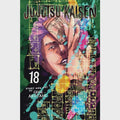 Jujutsu Kaisen Vol. 18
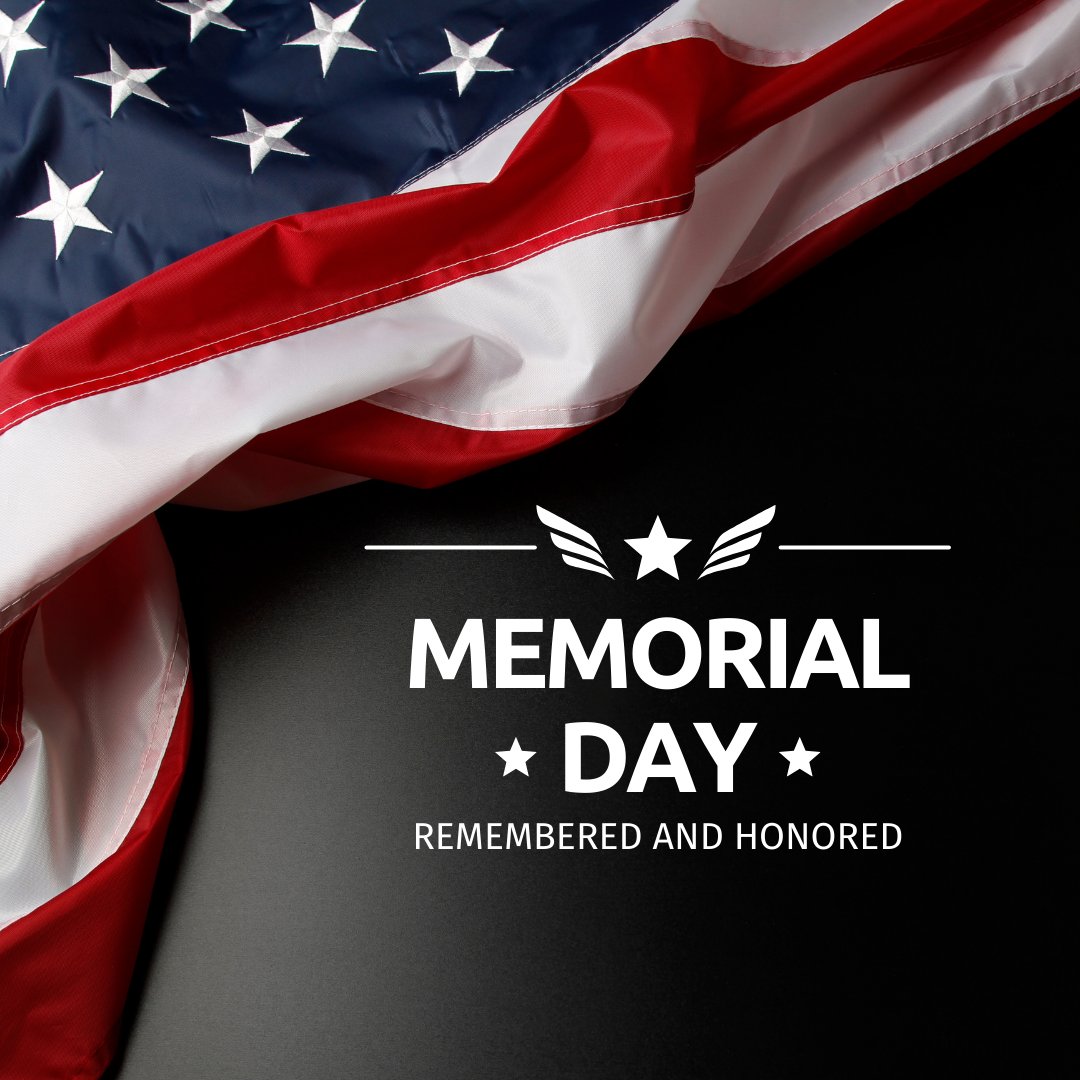 🇺🇸 This Memorial Day, we honor all who have served and extend our gratitude to those in our community who have given their lives in service. ❤️ 🎖️ 

#MemorialDay2024 #NeverForgotten #HonorAndRemember #ServiceAndSacrifice #ThankYouForYourService #jccbaltimore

### Exercise instructions
A word-for-word copy of the data, without its pictures, is what is needed.

### Response
 Jujutsu Kaisen Vol. 18
 🇺🇸 This Memorial Day, we honor all who have served and extend our gratitude to those in our community who have given their lives in service. ❤️ 🎖️ 

#MemorialDay2024 #NeverForgotten #HonorAndRemember #ServiceAndSacrifice #ThankYouForYourService #jccbaltimore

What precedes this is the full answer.